E se la scatola nera fosse incostituzionale?
C'è chi vede violato il diritto di difesa. Si pronuncerà la Consulta

Mescolando inglese e latino, potremmo dire che la black box è sub judice. In realtà, giochi linguistici a parte, la vicenda è seria anche sul piano dei principi: operatori, comparti imprenditoriali e studiosi di svariate discipline la stanno seguendo con notevole interesse.
Come noto, dopo la riforma del 2017 il Codice delle assicurazioni private (articolo 145-bis) stabilisce che “Quando uno dei veicoli coinvolti in un incidente risulta dotato di un dispositivo elettronico che presenta le caratteristiche tecniche e funzionali stabilite ai sensi dell’articolo 132-ter, comma 1, lettere b) e c) (...), le risultanze del dispositivo formano piena prova, nei procedimenti civili, dei fatti a cui esse si riferiscono, salvo che la parte contro la quale sono state prodotte dimostri il mancato funzionamento o la manomissione del predetto dispositivo”. è, appunto, l’istituzionalizzazione della scatola nera: trionfo dell’elettronica e fine delle frodi, secondo le meritorie intenzioni di quell’entità un po’ vaga chiamata “Legislatore”. Sotto il rassicurante presidio della tecnologia, impossibile simulare un crash inesistente o cambiare la data di uno scontro realmente verificatosi.
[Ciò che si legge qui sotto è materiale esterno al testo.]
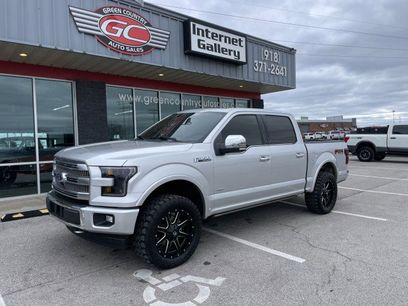 Used 2017 Ford F150 Platinum w/ Equipment Group 701A Luxury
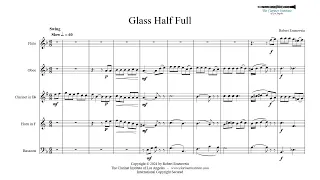 Ernenwein, Robert   Glass Half Full for Woodwind Quintet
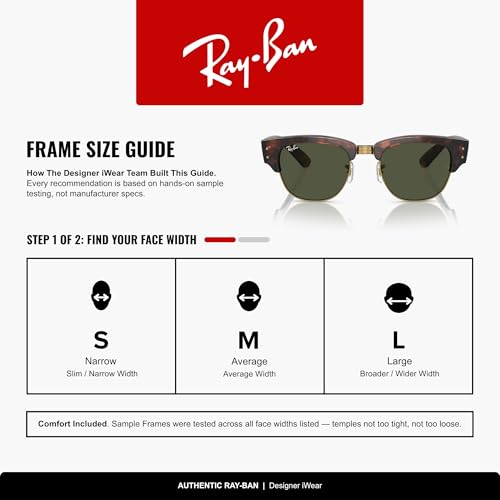 Image of Ray-Ban RB0316S Mega Clubmaster Square Sunglasses for Men for Women
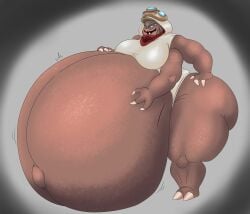 4_arms destiny_(game) eido eliksni hyper_breasts hyper_pregnancy pregnant smuggerssmuggs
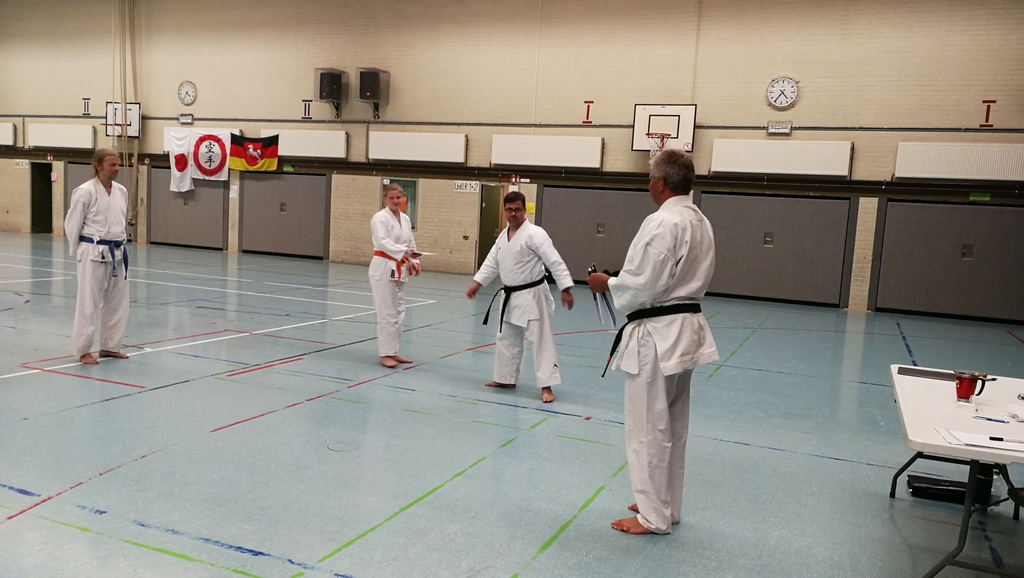 Lehrgang mit Marcus Gutzmer in Bad Bevensen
Qualche perplessità, tuttavia, è affiorata: la “prova” di un fatto dovrebbe emergere nel processo, in un leale confronto ad armi pari tra le parti; dare valore di prova legale – vincolante per il giudice, quindi – a un software totalmente fuori dalla portata del cittadino automobilista non è operazione da farsi a cuor leggero; tant’è vero che ci si chiede come diamine faccia il cittadino automobilista a dimostrare... “il mancato funzionamento o la manomissione del predetto dispositivo”. Il problema, insomma, non è tanto la tecnologia quanto la fiducia accordata, a priori, al suo perfetto e impeccabile funzionamento. Alcuni mesi or sono, un Giudice di pace ha dato voce a tutte queste perplessità e sollevato questione di costituzionalità; e ora un intero settore economico è in attesa del verdetto della Corte costituzionale.
I commentatori più attenti intravedono, in questa vicenda, delle analogie con la questione degli autovelox, esaminata dalla Consulta nel 2015. Anche allora, infatti, il “nervo scoperto” stava nel fatto che un dispositivo elettronico, in assenza di particolari cautele, potesse, solo perché omologato, incidere direttamente – e pesantemente, se pensiamo a quanto è disturbante una patente sospesa – sulla situazione giuridica del singolo. Con la sentenza 113/2015, di cui parlarono giornali e telegiornali, la Corte costituzionale finì per imporre, a garanzia di tutti, la taratura periodica dell’apparecchio rilevatore di velocità; in particolare, il Giudice delle Leggi osservò che “i fenomeni di obsolescenza e deterioramento possono pregiudicare non solo l’affidabilità delle apparecchiature, ma anche la fede pubblica che si ripone in un settore di significativa rilevanza sociale, quale quello della sicurezza stradale”.
Per la scatola nera verrà svolto un ragionamento simile? Nessuno può dirlo, e la curiosità in giro è parecchia.